A spokesman for Barnsley Council said yesterday: “Together we need to make sure we focus on the right things that matter so that the service goes from strength to strength.

“The ‘Future Libraries Strategy’ will see the council continuing to provide a comprehensive library service to all residents, while ensuring that it is more relevant, efficient and sustainable.”

This announcement comes at a time when Barnsley Council is facing almost £16m of spending cuts in the current financial year.

The consultation period on the proposed library service changes will run until Monday, July 1.

Within the consultation documents, residents are asked by the authority if they know of any “organisations, community groups, premises owners or individuals that would be interested in working with us” or if they would be interested in getting involved with the council’s library service themselves.

Part of the consultation involves commenting on the proposed changes to library opening hours.
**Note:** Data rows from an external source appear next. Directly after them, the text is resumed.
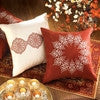 #C35 Pillow, Moroccan  18 x 18
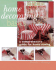 Home Decorating Basics: a Comprehensive Guide for Home Sewing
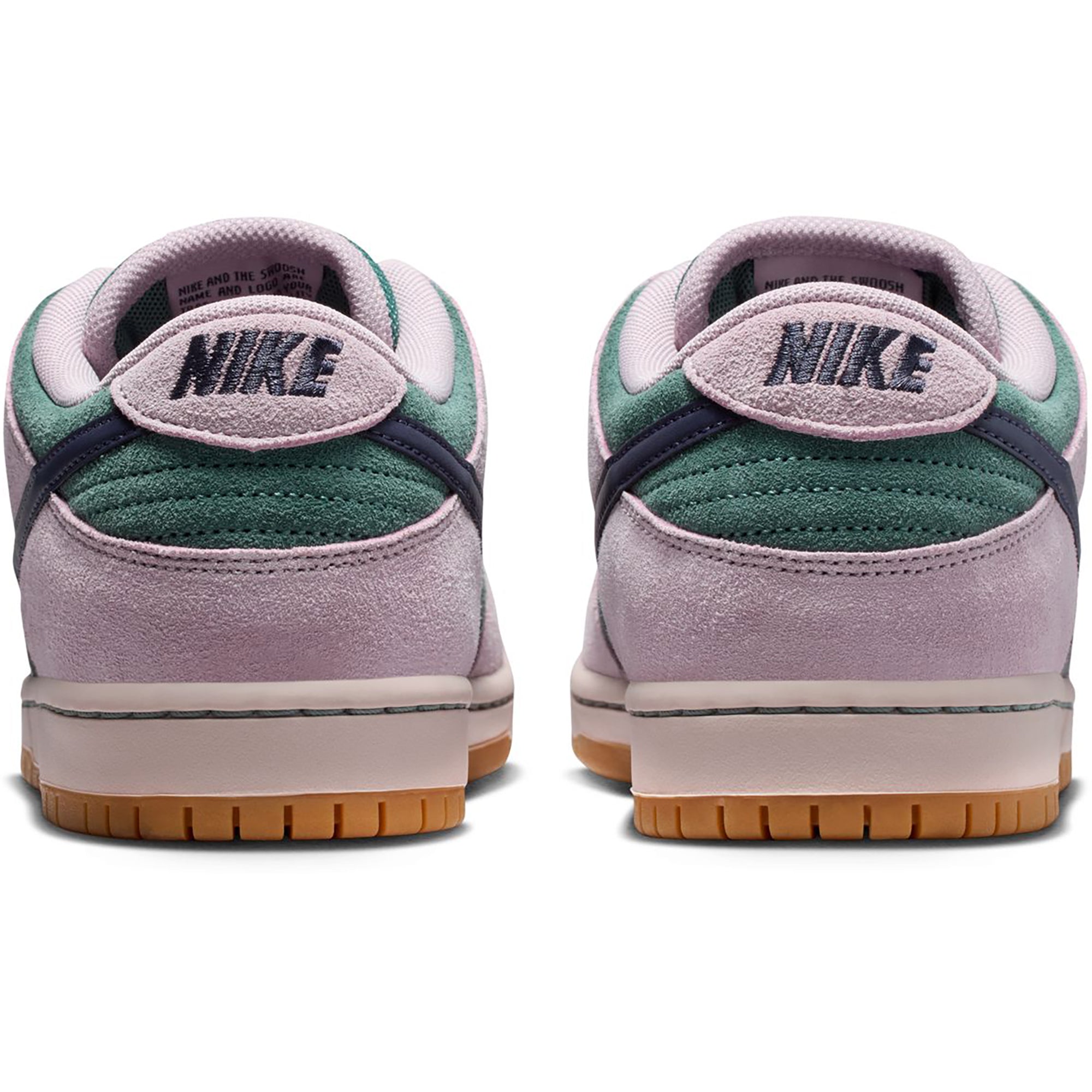 Nike SB Dunk Low Pro Shoes Mineral Slate/Dark Raisin-Particle Rose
Of the 16 libraries that would remain open, 10 would have their opening hours slashed. Only branches in Goldthorpe and Penistone would have their opening hours increased.

Proposed community libraries – in Barnsley town centre, Cudworth, Goldthorpe, Hoyland, Mapplewell, Penistone, Royston, Wombwell, and the Roundhouse in Athersley – would have a full book stock, a range of activities and access to meeting rooms.

These libraries would be open during the week, and on Saturday mornings.

It is unclear, meanwhile, whether or not those libraries downgraded to neighbourhood libraries – in Darfield, Dodworth, Grimethorpe, Monk Bretton Thurnscoe, Worsbrough and the Priory campus in Lundwood – would remain open at all, unless other organisations are found to run them.

If they do remain open, the plan is for those libraries to operate on reduced hours and also have a “smaller book stock”.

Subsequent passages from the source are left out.